20. However, assuming that the application Exh. 76 submitted by the respondent No. 1-third party can be said to be under Order 21, Rule 90 of the C.P.C. The said objection is after completion of the auction sale and in that case also even considering the Order 21, Rule 90 of the C.P.C, the impugned order passed by the learned Executing Court cannot be sustained. As per Order 21, Rule 90 of the C.P.C, the application to set aside the sale can be made only on the ground that the material irregularity or fraud in auctioning or conducting the sale. As per explanation Order 21, Rule 90, the mere absence of or defect in attachment of the property sold shall not, by itself, be a ground for setting aside a sale under Order 21, Rule 90.

21. Considering the order passed by the learned Executing Court below Exh. 76, it appears that learned Executing Court has not confirmed sale by merely observing that respondent No. 1-third party objector might have some right in property in question. It is to be noted that the claiming right in the property attached/sold and raising such an objection could only be prior to conducting of the auction sale as provided under Order 21, Rule 58 of the C.P.C. Even considering the objections in the application Exh. 76, it is on merits of the judgment and decree and claiming that in the suit, in which the consent decree passed by the competent Court, respondent No. 1-third party has not been joined as a party defendant. Apart from the fact that all those objections came to be considered by the Executing Court earlier, even such objections were not maintainable after proceedings of the auction sale has been completed and when no objections were raised at the time of attachment of the properties in question as required under Order 21, Rule 58 of the C.P.C.

22. Under the circumstances, even considering the application Exh. 76, such objections were not required to be considered at the time of confirmation of the sale and only objections which are required to be considered at that stage (as provided under Order 21, Rule 90 of the C.P.C.) is with respect to irregularity and fraud in conducting the sale proceedings and no other objections. It is also required to be noted, at this stage, that even the respondent No. 1-third party has never challenged the judgment and decree.

23. In view of the above, considering the application Exh. 76 either all under Order 21, Rule 58 or under Order 21, Rule 90 of the C.P.C., the impugned order passed by the learned Executing Court below Exh. 76 cannot be sustained and the same deserves to be quashed and set aside.

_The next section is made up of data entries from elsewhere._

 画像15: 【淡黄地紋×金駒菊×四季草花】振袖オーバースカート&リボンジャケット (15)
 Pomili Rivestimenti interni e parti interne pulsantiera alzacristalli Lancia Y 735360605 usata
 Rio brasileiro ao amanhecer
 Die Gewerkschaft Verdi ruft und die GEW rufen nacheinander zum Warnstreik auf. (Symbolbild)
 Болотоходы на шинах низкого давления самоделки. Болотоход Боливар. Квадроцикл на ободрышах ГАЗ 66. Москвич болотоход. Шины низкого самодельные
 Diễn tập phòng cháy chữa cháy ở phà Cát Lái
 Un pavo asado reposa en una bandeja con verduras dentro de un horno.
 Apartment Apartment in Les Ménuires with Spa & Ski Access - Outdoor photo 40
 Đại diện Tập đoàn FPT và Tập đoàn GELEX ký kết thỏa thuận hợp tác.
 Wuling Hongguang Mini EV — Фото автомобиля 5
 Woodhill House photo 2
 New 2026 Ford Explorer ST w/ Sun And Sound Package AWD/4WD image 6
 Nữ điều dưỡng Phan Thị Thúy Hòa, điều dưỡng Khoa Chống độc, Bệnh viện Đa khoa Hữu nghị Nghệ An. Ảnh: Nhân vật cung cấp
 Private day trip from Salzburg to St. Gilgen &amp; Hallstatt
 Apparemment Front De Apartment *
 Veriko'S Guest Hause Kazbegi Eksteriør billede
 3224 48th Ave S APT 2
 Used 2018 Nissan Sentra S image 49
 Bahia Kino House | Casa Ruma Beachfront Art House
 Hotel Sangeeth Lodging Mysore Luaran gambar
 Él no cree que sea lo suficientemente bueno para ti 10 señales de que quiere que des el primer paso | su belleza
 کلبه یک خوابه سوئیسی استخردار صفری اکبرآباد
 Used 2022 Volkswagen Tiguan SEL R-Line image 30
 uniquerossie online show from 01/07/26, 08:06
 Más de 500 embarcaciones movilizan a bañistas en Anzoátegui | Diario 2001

24. For the reasons stated above, Appeal From Order succeeds. The impugned order passed by the learned Executing Court in Special Execution Petition No. 33 of 2000 below Exh. 75 dated 1-11-2006 is hereby quashed and set aside. Learned Executing Court is directed to proceed further with the execution applications and pass further orders in accordance with law and on merits at the earliest as the judgment and decree sought to be executed is passed in the year 2000. Appeal From Order is allowed to aforesaid extent. No costs.

25. In view of allowing Appeal From Order, no further order in Civil Application.